> [Prompt] Here the job is to transcribe only the lines from the one containing "Ruby Moon Wine" through the last line below, exactly as written; please leave out pictures.

> [Collected data]

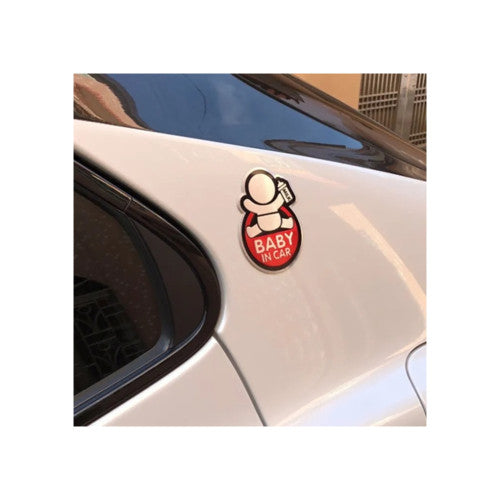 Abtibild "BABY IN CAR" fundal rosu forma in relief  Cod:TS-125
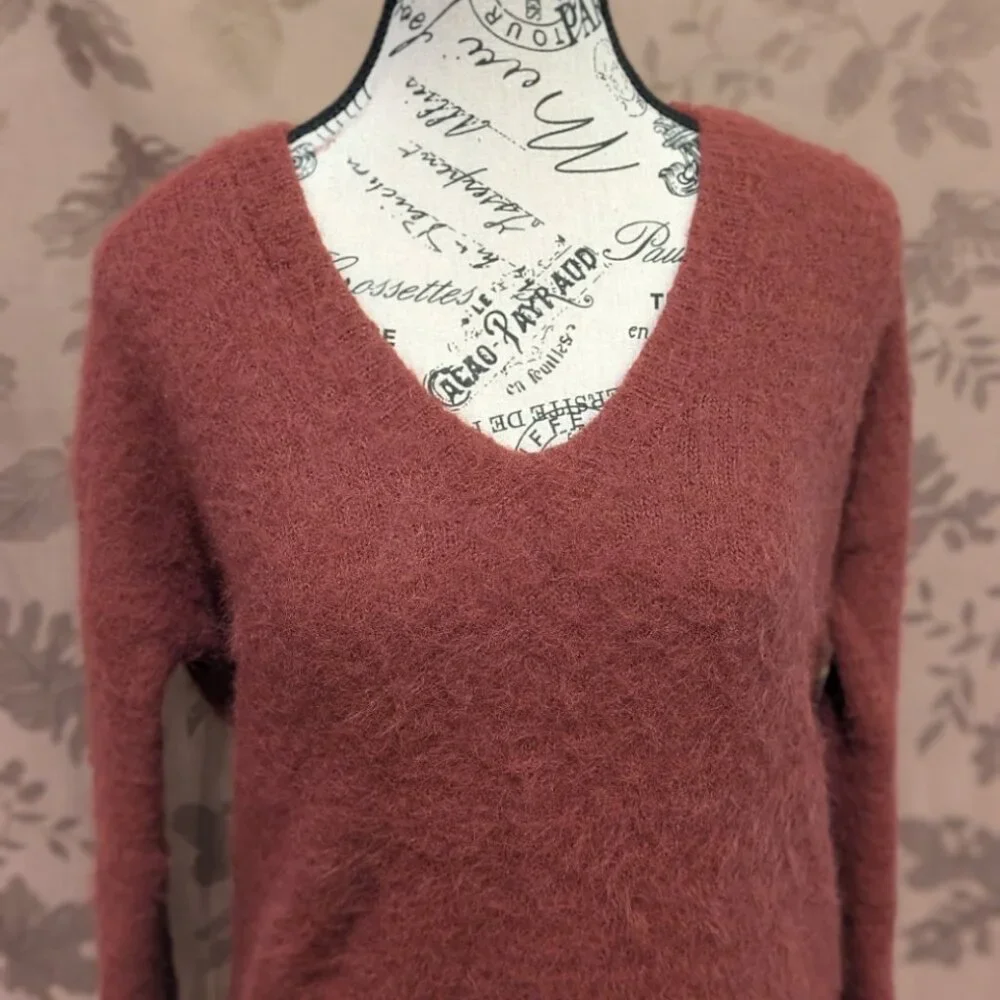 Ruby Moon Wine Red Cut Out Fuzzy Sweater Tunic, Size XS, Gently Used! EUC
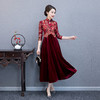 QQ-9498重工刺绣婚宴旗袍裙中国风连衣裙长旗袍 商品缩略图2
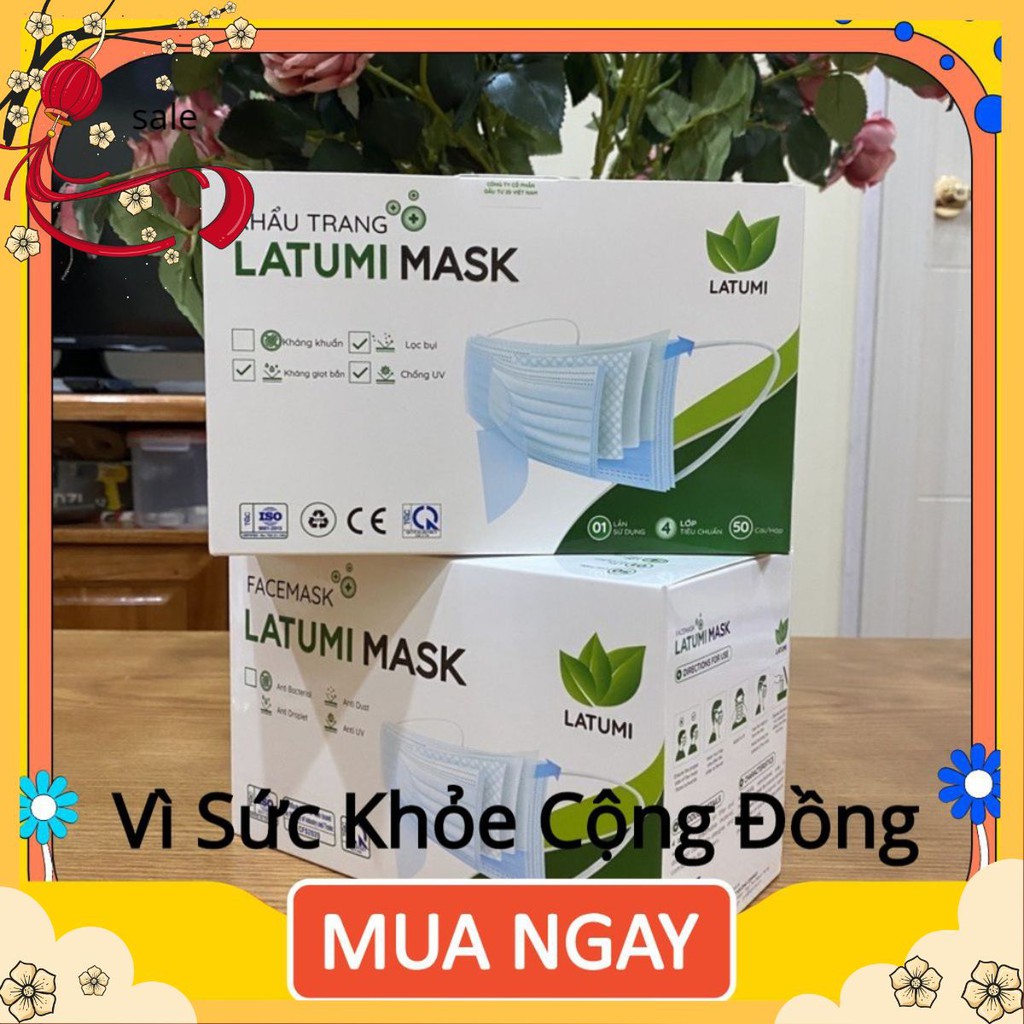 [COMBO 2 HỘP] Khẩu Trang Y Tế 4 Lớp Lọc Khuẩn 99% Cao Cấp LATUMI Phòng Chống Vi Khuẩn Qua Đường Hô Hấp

> [Answer section]
 Ruby Moon Wine Red Cut Out Fuzzy Sweater Tunic, Size XS, Gently Used! EUC
 QQ-9498重工刺绣婚宴旗袍裙中国风连衣裙长旗袍 商品缩略图2
 [COMBO 2 HỘP] Khẩu Trang Y Tế 4 Lớp Lọc Khuẩn 99% Cao Cấp LATUMI Phòng Chống Vi Khuẩn Qua Đường Hô Hấp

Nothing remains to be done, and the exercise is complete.